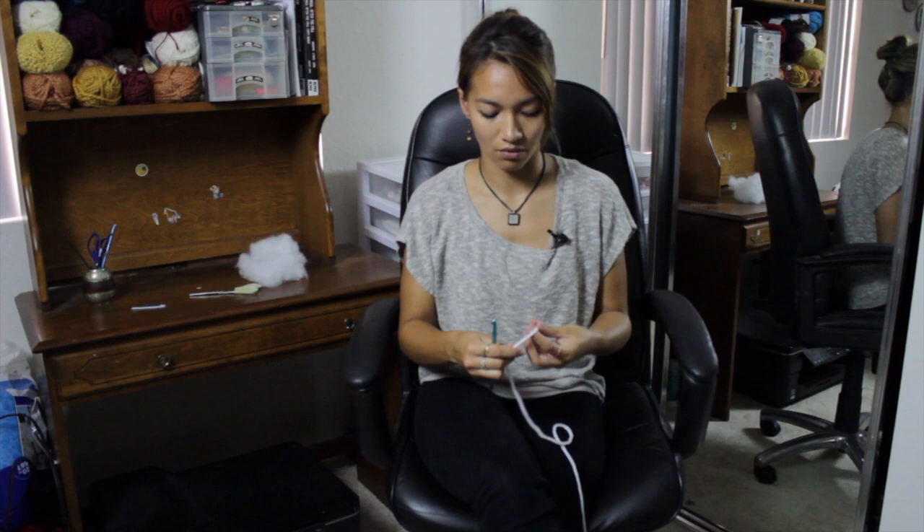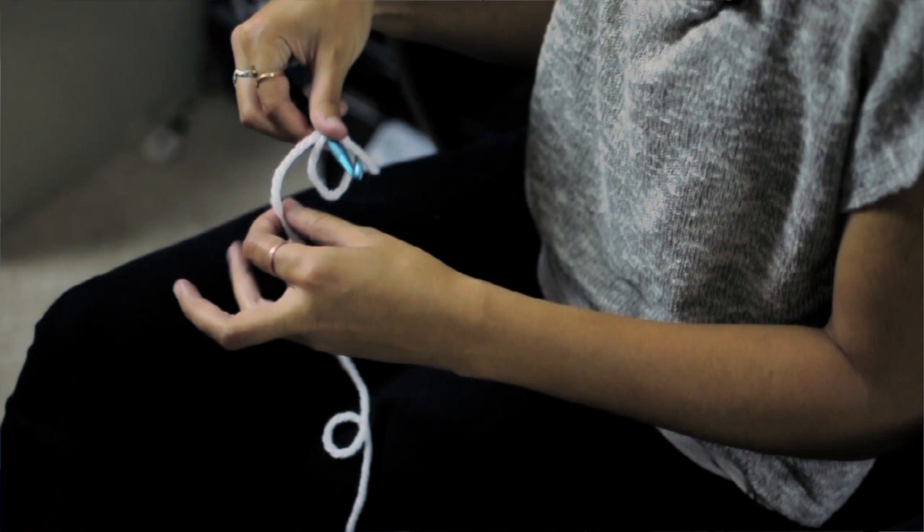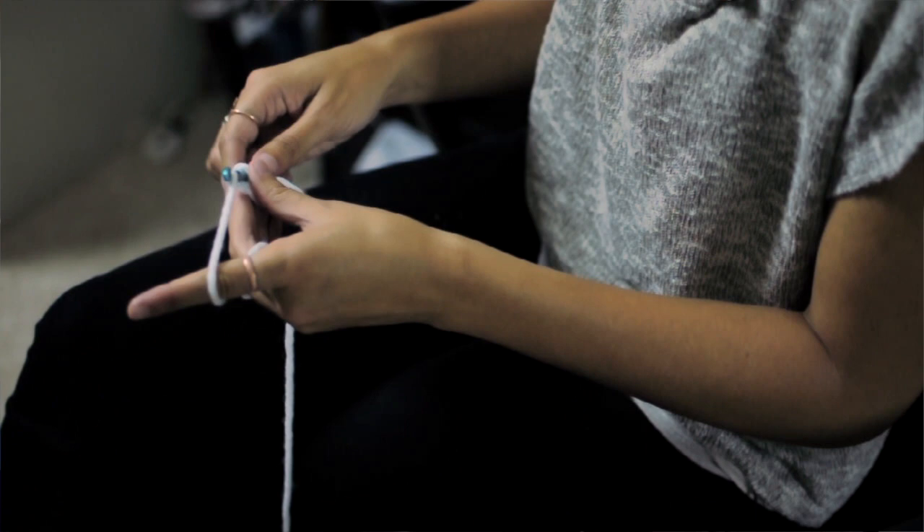And you're going to start with a magic ring. So just wind the yarn around your fingers twice, enter your hook underneath, pull up a loop, and yarn over and pull through once.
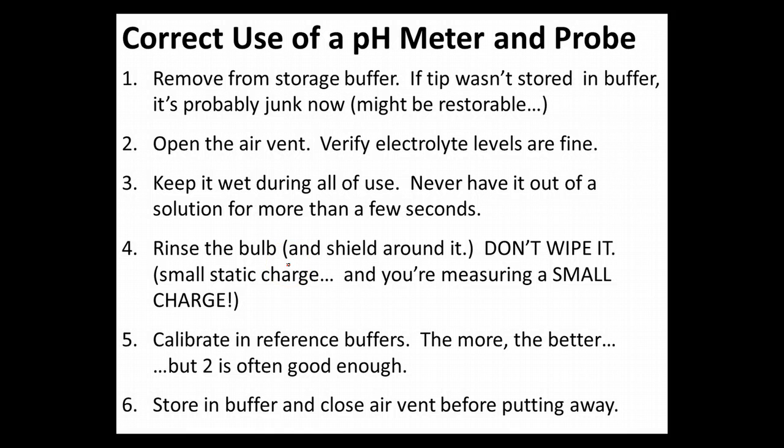pH meters seem like they're a really obvious and intuitive piece of equipment to use, which makes them ripe for misuse. I almost always see people misuse them, so I really want us to make sure we know how to correctly use a pH meter, and especially its pH probe, because we're actually doing a sensitive electrochemical measurement that's very easy to disrupt.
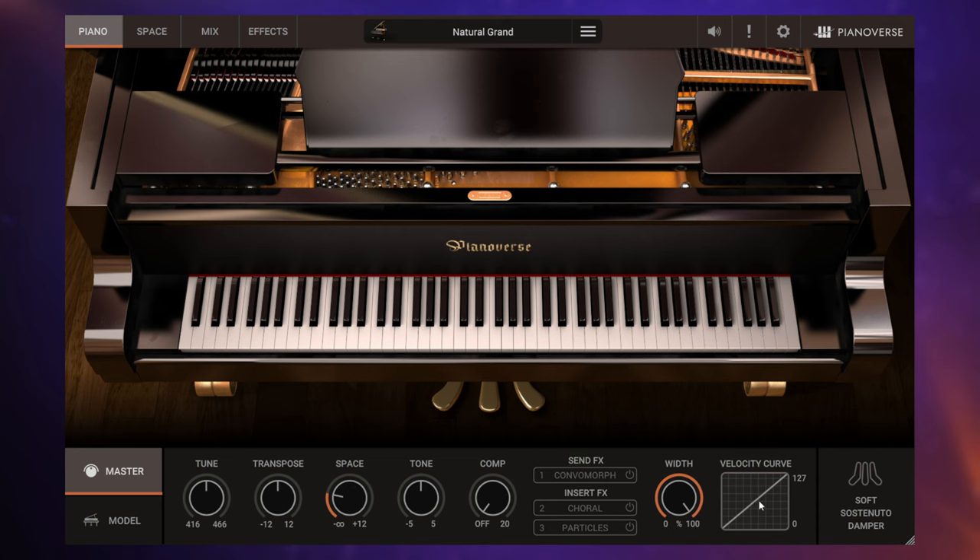Over on the right we have the velocity curve so we can adjust how the piano responds to our playing. And more in the middle — I skipped over this one — this is the space control. Let me just play this piano part again and push the space control up. You may be thinking to yourself: hey Mike, that's just a reverb control, isn't it? Well, not quite, and to find out exactly what this space control can do, we need to go to the space tab.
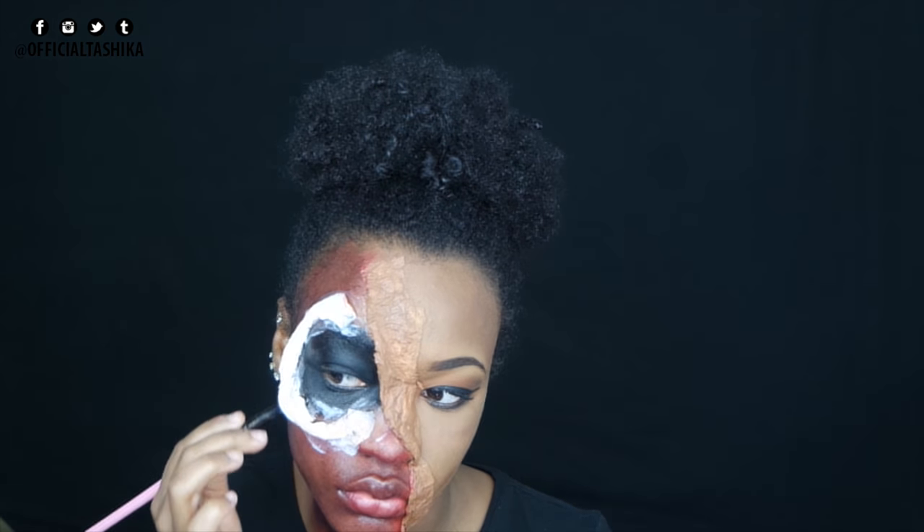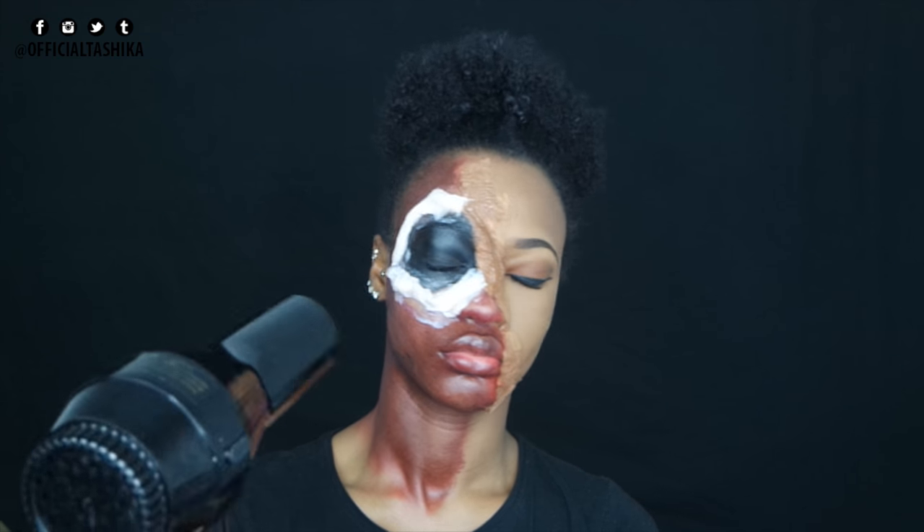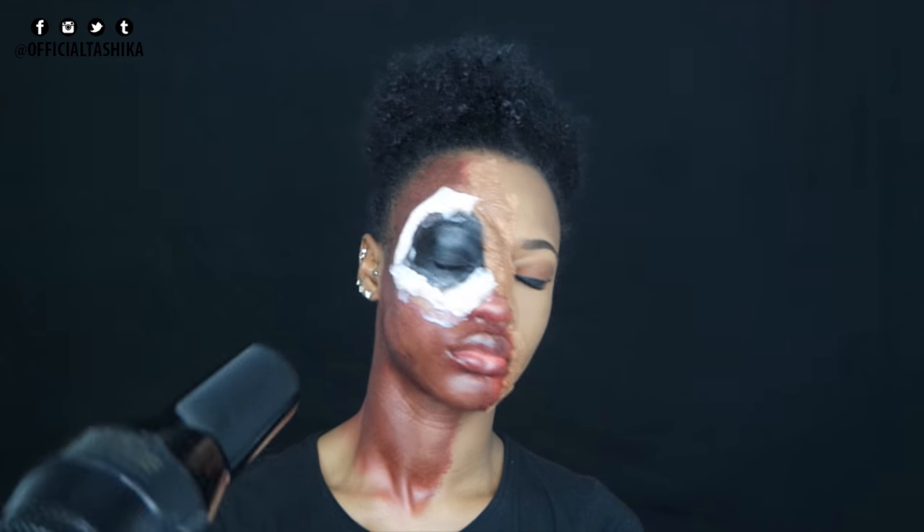I was on Snapchat one day and I saw this girl who created a makeup look called gorged out eyes - she used tissue around her eyes and made it look like her eyes were gorged out. So I decided to try that look. I added tissue around my eye, dried it with the blow dryer, and then went in with the black face paint again.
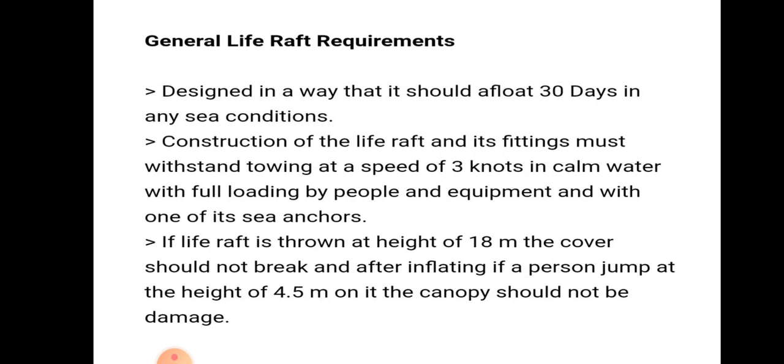The construction of the life raft and its fittings must withstand towing at a speed of 3 knots in calm water with full loading by people and equipment, and with one of its sea anchors deployed.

==========

Exactly reproduce the entries above, minus the pictures.

And you're going to start with a magic ring. So just wind the yarn around your fingers twice, enter your hook underneath, pull up a loop, and yarn over and pull through once.
pH meters seem like they're a really obvious and intuitive piece of equipment to use, which makes them ripe for misuse. I almost always see people misuse them, so I really want us to make sure we know how to correctly use a pH meter, and especially its pH probe, because we're actually doing a sensitive electrochemical measurement that's very easy to disrupt.
Over on the right we have the velocity curve so we can adjust how the piano responds to our playing. And more in the middle — I skipped over this one — this is the space control. Let me just play this piano part again and push the space control up. You may be thinking to yourself: hey Mike, that's just a reverb control, isn't it? Well, not quite, and to find out exactly what this space control can do, we need to go to the space tab.
I was on Snapchat one day and I saw this girl who created a makeup look called gorged out eyes - she used tissue around her eyes and made it look like her eyes were gorged out. So I decided to try that look. I added tissue around my eye, dried it with the blow dryer, and then went in with the black face paint again.
The construction of the life raft and its fittings must withstand towing at a speed of 3 knots in calm water with full loading by people and equipment, and with one of its sea anchors deployed.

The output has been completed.